Rebecca McGowan

Personal information
- Born: 27 May 2000 (age 26) Dumbarton, Scotland

Sport
- Country: Scotland
- Sport: Taekwondo
- Weight class: +67 kg, +73 kg

Achievements and titles
- World finals: 2023 Baku
- Regional finals: 2021 Sofia

Medal record
Women's taekwondo
Representing Great Britain
World Championships
| Silver medal – second place | 2023 Baku | +73 kg |
| Bronze medal – third place | 2022 Guadalajara | +73 kg |
Grand Prix
| Silver medal – second place | 2022 Paris | +67 kg |
| Silver medal – second place | 2023 Manchester (F) | +67 kg |
| Bronze medal – third place | 2022 Rome | +67 kg |
| Bronze medal – third place | 2023 Rome | +67 kg |
European Championships
| Gold medal – first place | 2021 Sofia | +73 kg |
| Bronze medal – third place | 2022 Manchester | +73 kg |
| Bronze medal – third place | 2024 Belgrade | +73 kg |
| Bronze medal – third place | 2026 Munich | 73 kg |
World Junior Championships
| Bronze medal – third place | 2016 Burnaby | +68 kg |

= Rebecca McGowan =

British taekwondo practitioner

Rebecca McGowan (born 27 May 2000) is a Scottish taekwondo practitioner. She is twice a medalist in the women's +73 kg event at the World Taekwondo Championships. She is also three-times a medalist, including gold, in this event at the European Taekwondo Championships.

== Career ==

In 2019, McGowan competed in the women's middleweight event at the World Taekwondo Championships held in Manchester, United Kingdom. She won the gold medal in the women's +73 kg event at the 2021 European Taekwondo Championships held in Sofia, Bulgaria. She defeated Milica Mandić of Serbia in her gold medal match.

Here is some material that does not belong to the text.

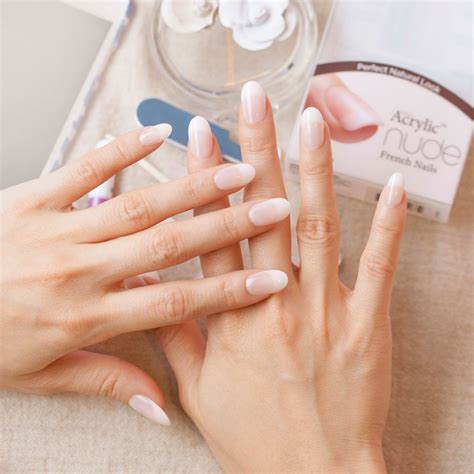 Kiss Acrylic Nails Graceful | Wallpaper Photo Gallery Download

McGowan won one of the bronze medals in her event at the 2022 European Taekwondo Championships held in Manchester. She also won one of the bronze medals in the women's middleweight event at the 2022 World Taekwondo Championships held in Guadalajara, Mexico.

In 2023, McGowan won the silver medal in the women's middleweight event at the World Taekwondo Championships held in Baku, Azerbaijan. A month later, she competed in the women's +73 kg event at the 2023 European Games held in Poland.

At the 2023 Grand Prix Finale in Manchester, McGowan won the silver medal in the +67 kg event, thus securing the United Kingdom's spot for the 2024 Olympic Games for the women's +67 weight class competition due to her being placed fourth in the Olympic ranking. In July 2024, she was nominated to represent Great Britain at the Olympic Games in Paris.

==Tournament record==

| Year | Event | Location | Place |
| 2021 | European Championships | BUL Sofia | 1st |
| 2022 | European Championships | GBR Manchester | 3rd |
| World Championships | MEX Guadalajara | 3rd |
| Grand Prix | ITA Rome | 3rd |
| Grand Prix | FRA Paris | 2nd |
| 2023 | World Championships | AZE Baku | 2nd |
| Grand Prix | ITA Rome | 3rd |
| Grand Prix (F) | GBR Manchester | 2nd |
| 2024 | European Championships | SRB Belgrade | 3rd |
| 2024 | Summer Olympics | Paris | 5th |

==Personal life==
She is studying for a degree in Physiotherapy from the University of Salford.